I started blogging and vlogging to spread the Desteni message just as they had equally done for me. I fell and I stood up during those last 4 years, every time stronger. Desteni helped me on a personal level to overcome events in my life I would have gone insane over when I didn’t know that the key and therefore the answers are always inside of me. Taking Self-responsibility and being Self-honest became more clear to me over the years. The difference is now I’m slowly but surely walking these words and before I was still comprehending these words. I have gone from self-manipulation to self-directing and the result is less stress while sailing a stable stance in life.
At the moment also my partner is doing SRA-1 and my teenage kids are applying the Desteni tools and materials as far as they are capable. I was able to hear the message of Desteni, one that says that we should love our neighbors like ourselves.

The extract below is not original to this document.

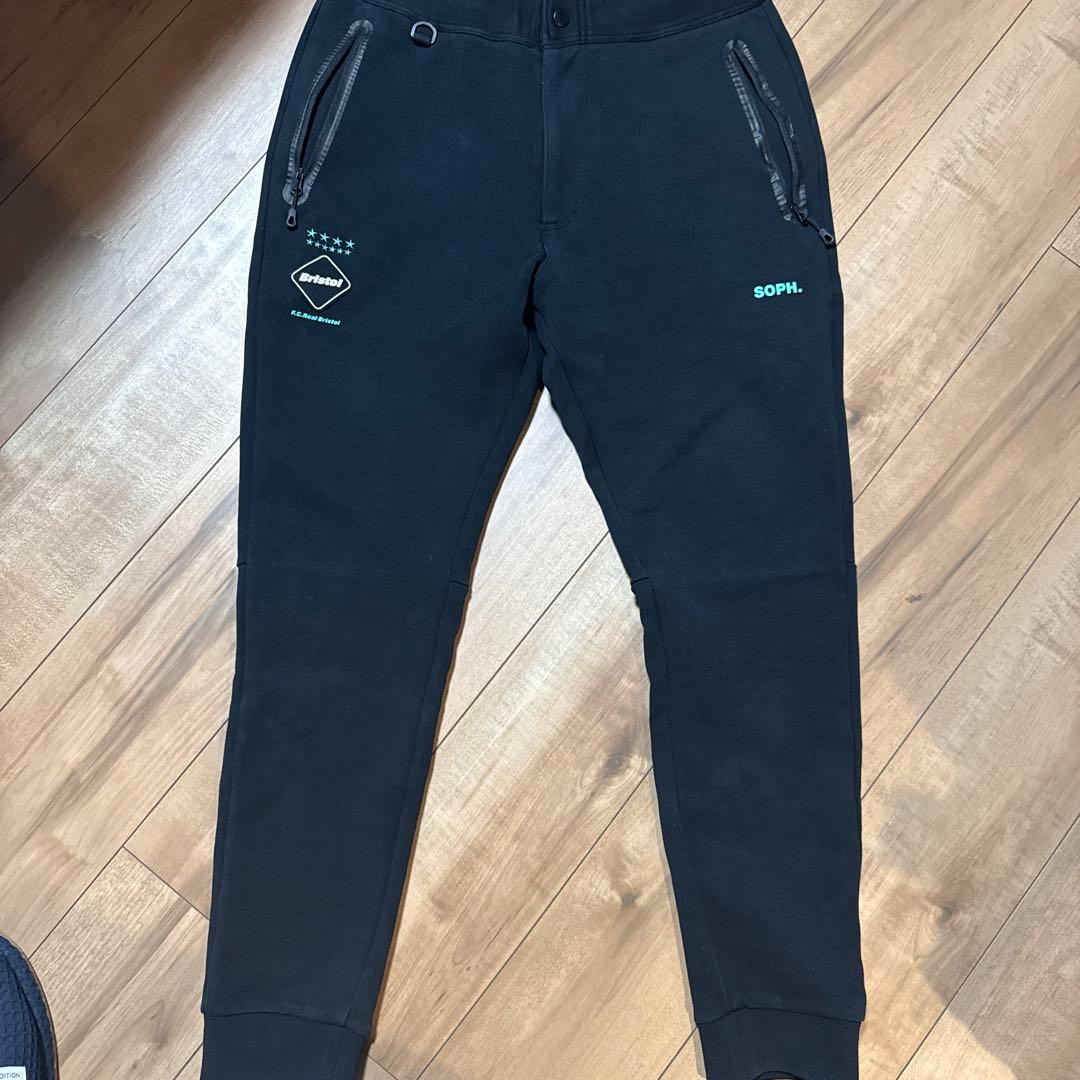 Bristol M ブラックパーカー SOPH. F.C.R.B. セットアップ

Which implies that we first need to love ourselves in order to be able to love our neighbors. First we better/improve ourselves and then reflect the improved Self into the world. We do this in common sense and in the best interest of all in all ways. To understand that life takes place here within our physical reality and not up there in our minds. If we want a better life why not have a better life for all?
If you can see and hear that this world is heading towards destruction and that we only have 1 life to stop and change that world as ourselves, the join us. See and investigate for yourself what we’re standing for and decide whether you wan to be the change, by changing you as a being. We are people just like you, so it’s never too late to join us and become a Destonian for life.